───── Data for review ─────

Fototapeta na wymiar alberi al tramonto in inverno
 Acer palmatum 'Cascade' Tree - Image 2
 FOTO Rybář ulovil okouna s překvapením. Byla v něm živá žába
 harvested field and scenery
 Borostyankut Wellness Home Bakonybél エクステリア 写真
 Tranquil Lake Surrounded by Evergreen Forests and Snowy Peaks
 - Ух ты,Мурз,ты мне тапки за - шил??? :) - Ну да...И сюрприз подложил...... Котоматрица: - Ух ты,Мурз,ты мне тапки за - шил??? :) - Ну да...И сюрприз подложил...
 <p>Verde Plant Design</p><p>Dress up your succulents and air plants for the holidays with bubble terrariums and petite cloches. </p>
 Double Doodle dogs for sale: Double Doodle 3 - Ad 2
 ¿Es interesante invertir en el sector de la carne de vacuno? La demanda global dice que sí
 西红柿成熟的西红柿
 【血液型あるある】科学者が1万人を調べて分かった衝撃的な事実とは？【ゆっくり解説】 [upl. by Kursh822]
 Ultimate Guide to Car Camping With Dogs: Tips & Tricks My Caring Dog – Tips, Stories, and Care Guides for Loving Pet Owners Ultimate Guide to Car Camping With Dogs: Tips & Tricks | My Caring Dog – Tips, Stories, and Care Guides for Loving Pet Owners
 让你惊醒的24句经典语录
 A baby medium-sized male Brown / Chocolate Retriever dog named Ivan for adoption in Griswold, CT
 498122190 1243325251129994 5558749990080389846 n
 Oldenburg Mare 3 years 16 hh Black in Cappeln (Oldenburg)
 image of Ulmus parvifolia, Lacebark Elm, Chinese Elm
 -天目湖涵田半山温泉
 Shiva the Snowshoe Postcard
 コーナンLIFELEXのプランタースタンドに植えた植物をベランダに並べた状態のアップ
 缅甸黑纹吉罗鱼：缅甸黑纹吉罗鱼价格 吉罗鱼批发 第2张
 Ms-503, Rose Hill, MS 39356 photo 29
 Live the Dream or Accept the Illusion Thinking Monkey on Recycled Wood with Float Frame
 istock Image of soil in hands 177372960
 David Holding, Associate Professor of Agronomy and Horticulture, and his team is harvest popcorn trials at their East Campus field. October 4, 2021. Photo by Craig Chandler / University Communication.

─────

Would you please copy exactly the part of the entries above that begins at the line containing "498122190 1243325251129994 5558749990080389846" and ends at the line containing "istock Image of soil in hands 177372960", both lines included?

 498122190 1243325251129994 5558749990080389846 n
 Oldenburg Mare 3 years 16 hh Black in Cappeln (Oldenburg)
 image of Ulmus parvifolia, Lacebark Elm, Chinese Elm
 -天目湖涵田半山温泉
 Shiva the Snowshoe Postcard
 コーナンLIFELEXのプランタースタンドに植えた植物をベランダに並べた状態のアップ
 缅甸黑纹吉罗鱼：缅甸黑纹吉罗鱼价格 吉罗鱼批发 第2张
 Ms-503, Rose Hill, MS 39356 photo 29
 Live the Dream or Accept the Illusion Thinking Monkey on Recycled Wood with Float Frame
 istock Image of soil in hands 177372960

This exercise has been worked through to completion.